Mais de 175 testemunhas prestarão depoimento durante o julgamento, que pode se prolongar por mais de dois meses.

Acusações - Scilingo, que atuou entre 1976 e 1977 na ESMA (Escola de Mecânica da Armada), um dos piores centros de tortura de clandestinos do regime militar, com a patente de tenente de corveta, é objeto de uma acusação de 30 assassinatos, 93 lesões corporais, 255 ações terroristas e 286 torturas. O ex-oficial, se condenado, pode pegar até 6.626 anos de prisão.

Em março de 1995, quase 20 anos depois do golpe militar, Scilingo confessou publicamente ter participado dos 'vôos da morte', durante os quais foram atirados vivos ao mar entre 1,5 mil e dois mil presos políticos. "Abríamos a porta do avião e atirávamos os prisioneiros nus ao mar, um de cada vez", explicou Scilingo ao jornalista argentino Horacio Verbistky.

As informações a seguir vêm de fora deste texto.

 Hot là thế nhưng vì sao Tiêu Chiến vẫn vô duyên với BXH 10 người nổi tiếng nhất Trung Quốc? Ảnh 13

Passaram pela ESMA cinco mil dos 30 mil desaparecidos durante a ditadura militar. Apenas uma centena sobreviveram às sessões de tortura, sendo que alguns destes sobreviventes prestarão depoimento em Madri. Em outubro de 1997, o próprio Scilingo, que tinha viajado à Espanha a convite de um programa de televisão, chegou a confessar sua participação na repressão.

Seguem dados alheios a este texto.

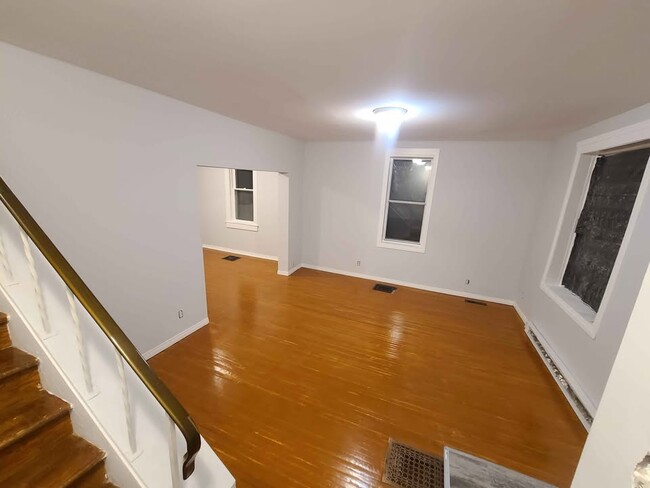 Building Photo - 307 Lipton St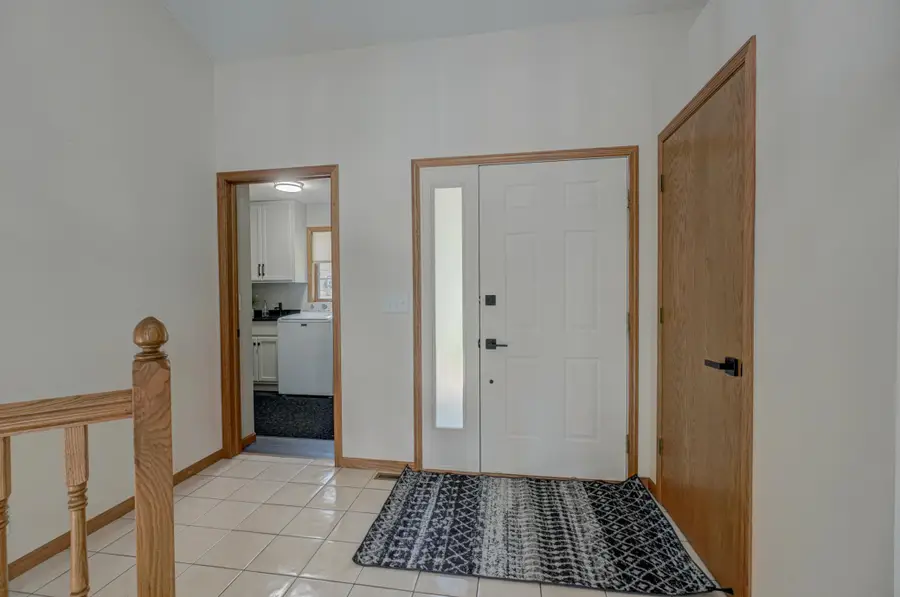 1612 Golf View Drive, River Falls, WI 54022 - #3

No entanto, em 4 de novembro de 1999, o ex-capitão arrependido desmentiu suas declarações ante o magistrado Baltasar Garzón, que em 1998 havia proibido Scilingo de deixar o território espanhol. Em julho de 2001, Garzón decretou sua prisão incondicional para evitar que fugisse.

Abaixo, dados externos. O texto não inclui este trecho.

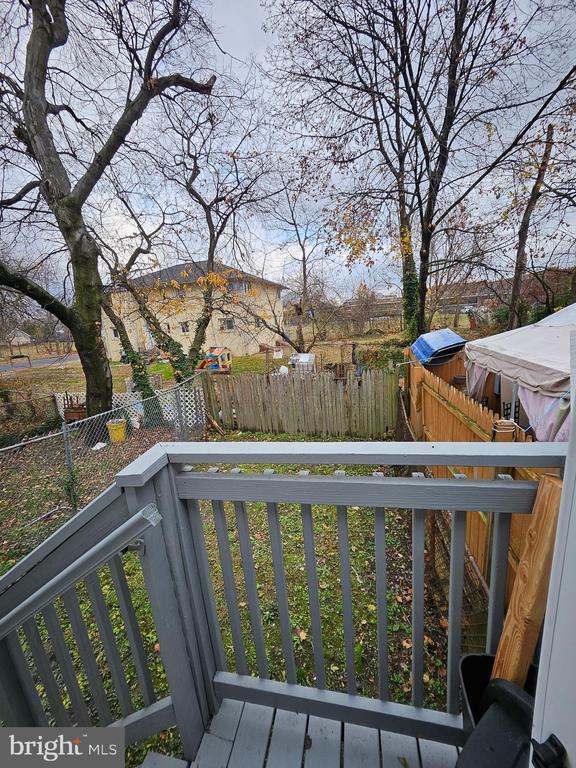 Building Photo - 324 Mary St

Foram interpostos vários recursos, sob o argumento de que a justiça espanhola não tinha competência para julgar crimes cometidos fora da Espanha. Garzón sempre citou o artigo 23.4 da LOPJ (Lei Orgânica do Poder Judicial), que reconhece a competência espanhola para investigar 'atos cometidos por espanhóis ou por estrangeiros fora do território nacional (...) como crimes de genocídio ou terrorismo'.

O Supremo Tribunal espanhol autorizou em novembro de 2004 a Audiência Nacional, principal instância penal espanhola, a julgar Scilingo, após considerar que espanhóis foram vítimas dos crimes dos quais é acusado, e que ele não é objeto de qualquer ação judicial na Argentina.

Scilingo não foi o único repressor argentino a ser julgado no exterior, mas é o primeiro que assistirá pessoalmente a seu processo. O ex-capitão de fragata Alfredo Astiz, o 'anjo vermelho da morte', que também pertenceu à ESMA, foi condenado à revelia, em 1990, por um tribunal de Paris à prisão perpétua pelo seqüestro e desaparecimento das religiosas francesas Alice Domon e Léonie Duquet.